ACOS: TCM Program (Doctor and Practitioner)

 Year One

The focus of year one will be on the orientation into the paradigm of Chinese medicine. Following the introduction of fundamental theories and concepts the student will gradually be introduced to diagnosis, disease and treatment principles. The practical training will be focused on Taiji Quan. The study of the Chinese language is used to develop a deeper understanding of the fundamental concepts and to prepare the student for independent research of TCM manuscripts still in their language of origin, as well as preparation for possible further studies in China for those students who choose to do so.

Year one of the program is a particularly significant phase of the program in that students from diverse backgrounds and with diverse levels of knowledge will establish in themselves not only the actual detailed knowledge of TCM, but also a solid conceptualization of the medicine as a whole. In general, this involves a transition from the romantic view of TCM to the realism of the medicine as a science in its own right. With the study of western science initiated in tandem with that of TCM, students will begin to foster the integrated medicine approach advocated within the TCM profession today.

Year Two

The focus of the second year is to introduce the more technical elements of Chinese medicine.

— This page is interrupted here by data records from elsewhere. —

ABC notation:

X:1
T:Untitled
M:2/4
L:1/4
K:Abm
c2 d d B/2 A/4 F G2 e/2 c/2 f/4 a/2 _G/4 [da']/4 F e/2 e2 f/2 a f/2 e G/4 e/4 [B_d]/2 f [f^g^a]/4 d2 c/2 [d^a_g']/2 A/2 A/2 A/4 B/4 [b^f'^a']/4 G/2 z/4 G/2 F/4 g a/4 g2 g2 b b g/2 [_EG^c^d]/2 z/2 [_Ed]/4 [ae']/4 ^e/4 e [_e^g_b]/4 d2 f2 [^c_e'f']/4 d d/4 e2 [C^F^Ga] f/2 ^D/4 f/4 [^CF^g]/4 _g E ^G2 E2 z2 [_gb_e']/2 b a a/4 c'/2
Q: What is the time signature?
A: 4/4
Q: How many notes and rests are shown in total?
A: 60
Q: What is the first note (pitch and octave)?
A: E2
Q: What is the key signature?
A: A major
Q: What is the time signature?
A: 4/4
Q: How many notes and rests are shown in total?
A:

These include acupuncture points and techniques of acu-moxa treatment as well as Chinese medicinal substances and Chinese medicinal formulas. In this year, students will be introduced to the classical view of mental and emotional disharmony patterns and their absolute importance to a wide variety of illnesses. Students will continue their study of counseling skills and begin their study of Western Pathology, Tui Na (clinical massage) and Qi Gong (understanding and training qi).

If the study of the foundations of TCM in Year 1 is likened to the roots, trunk and main branches of a tree, then study in Year 2 may be likened to the small branches and leaves. Students will assimilate a vast amount of detailed knowledge in the relevant fields of TCM. This knowledge is often experienced as somewhat overwhelming at the time; however, it will serve as the “fuel for the fire” as it is constantly re-examined during the integration phase in the following years of study.

Year Three

The focus in this year is to systematically examine all patterns of disharmony and their manifestations as illness. This study encompasses etiology, symptomology, differential diagnosis, principles of treatment, and appropriate therapy. All therapeutic methods in terms of acumoxa, medicinal formulas, Tui Na massage and qi-gong will be discussed. This year draws heavily on the previous years’ materials.

Year 3 begins the integration phase of the program. Students will re-examine all previously learned knowledge and develop the ability to integrate this knowledge into a coherent understanding of disease and its treatment. At KCCIHS, all students will develop the ability to accurately formulate a TCM differential diagnosis, which we consider to be paramount to all other skills. Effective treatment is the natural progression of an accurate diagnosis.

Year Four

The focus of this last year of study is on the integration of learned knowledge and skills into the clinical setting. A greater practical and seminar component within the program will assist students in developing the professional skills and attitudes necessary for independent practice.

Year 4 continues the integration phase of the program; however, the focus will shift from the theoretical understanding of disease and treatment to the practical application of this knowledge in the clinical setting. Students will explore all relevant aspects of patient-practitioner interaction as well as of running a professional practice. At this point in the program, students are well prepared to integrate all learned knowledge with acquired practical skills and make the transition to independent (supervised) practice seem effortless.

Year Five (Doctor of Chinese Medicine only)

The focus of the last year of study is to direct students’ study in advanced fields of knowledge and research within the paradigm of Chinese medicine. Study will include more advanced classical TCM writings, as well as the modern evolution of the tradition of Chinese medicine as it continues to integrate with the knowledge of modern science.
Year 5 is a year of gaining expertise. During this phase of the program, students will investigate, to a much greater depth, a variety of clinically relevant aspects of TCM. Just as the tradition of Chinese medicine has evolved to integrate with western medicine over the past several decades, so will our students develop the expertise necessary to carry on this tradition in an integrated medicine system.